Segunda-feira
Não há dia em que não apareçam por aí super-portugueses de pescoço dobrado para Marcelo lhes pendurar um colar qualquer. Ultimamente foram o “menino de ouro” do futebol, Renato Sanches, condecorado em Itália com este nobre título; Jorge Moreira da Silva, um senhor do PSD que a OCDE resolveu nomear director-geral; e uma selecção de mulheres que ganhou não sei o quê. Até Jaime Nogueira Pinto publicou um livro chamado “Cinco Homens que Abalaram o Mundo”, em que patrioticamente incluiu Salazar, quando se pode escrever a história da Europa desde o século XVII para cá sem mais do que umas páginas (poucas) sobre Portugal.
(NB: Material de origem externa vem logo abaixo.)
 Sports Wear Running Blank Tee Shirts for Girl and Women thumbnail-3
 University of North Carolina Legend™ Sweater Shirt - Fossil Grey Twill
Dizem os políticos que o culto dos super-portugueses, desproporcionado e tolo, serve para encorajar a ralé que por aqui miseravelmente se arrasta a grandes cometimentos, que a seu tempo salvarão a Pátria. Não ocorre a ninguém que as maiores façanhas nacionais não passam de um murmúrio que só ouve uma minúscula parte da humanidade e não têm o menor efeito fora do pequeno país que por má sina nos calhou. Pelo contrário, os super-portugueses animam o indígena a viver vicariamente a glória alheia ou a fugir de cá a sete pés. Afinal Ronaldo joga no Real Madrid, Mourinho treina o Manchester United e António Guterres não é secretário da Associação 25 de Abril.
Terça-feira
Marcelo, segundo ele próprio confessou, tinha muita curiosidade em conhecer Cuba e o assassino que os cubanos por lá conservam e que há 50 anos usava o nome de Fidel Castro. Não devemos tirar estes prazeres ao nosso Presidente, mesmo sem saber qual é a nossa política externa — para além evidentemente da ocasional caravana de mendicantes a pedir uma esmolinha por amor de Deus — e quem a faz.
Quarta-feira
Passei a tarde de ontem a ler o livro de Sócrates, “O Dom Profano – Considerações sobre o carisma”. Que dizer da coisa, senão que o próprio autor chega ao fim de 152 páginas (letra grande, mancha larga) sem, confessadamente, saber ao certo, ao certo, do que está a falar? Aparte isso, Sócrates, como era de esperar, usa a técnica do aluno cábula e sem ideias. “O Dom” dele é de parafrasear e comentar meia dúzia de cavalheiros respeitáveis (Weber, Cassirer, Kojève e por aí fora) e citar dezenas de outros por empréstimo, ou seja, porque já vinham citados no pouco que ele leu. Este método iria inevitavelmente acabar por produzir uma enormíssima trapalhada: repetições, contradições, despropósitos e vacuidades, com muito erro pelo meio e algumas sentenças de Sócrates, que roçam o vexatório. Apesar dos recados políticos e de um ou outro disfarçado aceno a um público imaginário, não se percebe por que razão o indivíduo escreveu este livro. Sonhará ele ainda vir a ser o “líder carismático” do futuro? Suspeito que sim.
Quinta-feira
Gostava de lembrar à dra. Manuela Ferreira Leite e a outros filósofos com grande vocação moralista que o ordenado de alguns jogadores de futebol e de alguns gerentes de bancos não é comparável. Os gerentes de bancos têm para mostrar ao mundo quatro ou cinco fraudes de uma dimensão heróica e o estado miserável do sistema financeiro português. Os jogadores de futebol ganham bom dinheiro aos respectivos clubes e valem por si mesmos num mercado internacional. Só por pedantismo e cegueira se pode lamentar, com um escândalo de classe média letrada (coitada dela!), o que ganham Ronaldo, Nani, ou Pepe.
Sexta-feira
O dia inteiro com Elena Ferrante, “Os Romances de Nápoles”. Depois falaremos.
Sábado
Um primeiro-ministro (alegadamente), um ministro e uns tantos chefes de gabinete e de “adjuntos” foram acusados de se ornamentar com títulos académicos que, de facto, não tinham. Isto não se compreende. Primeiro porque há por aí milhares de licenciados e centenas de doutores que comprovadamente não sabem ler, nem escrever e que não servem nem para caixas de supermercado. Segundo, porque o exercício de cargos políticos não exige (e seria absurdo que exigisse) qualquer habilitação formal. A explicação da mascarada curricular da pobre plebe que hoje rodeia os governos, de esquerda ou de direita, é outra. Antigamente, na média burguesia letrada toda a gente conhecia toda a gente desde o liceu ou da faculdade. Agora, o pequeno universo das profissões, da universidade e da política está cheio de aventureiros, cuja única família e o único vínculo são os bandos de que fazem parte e, quando por acaso vêm à superfície, esses produtos da oportunidade e da desordem precisam de uma qualquer desculpa “respeitável” para continuar pacificamente as suas maquinações.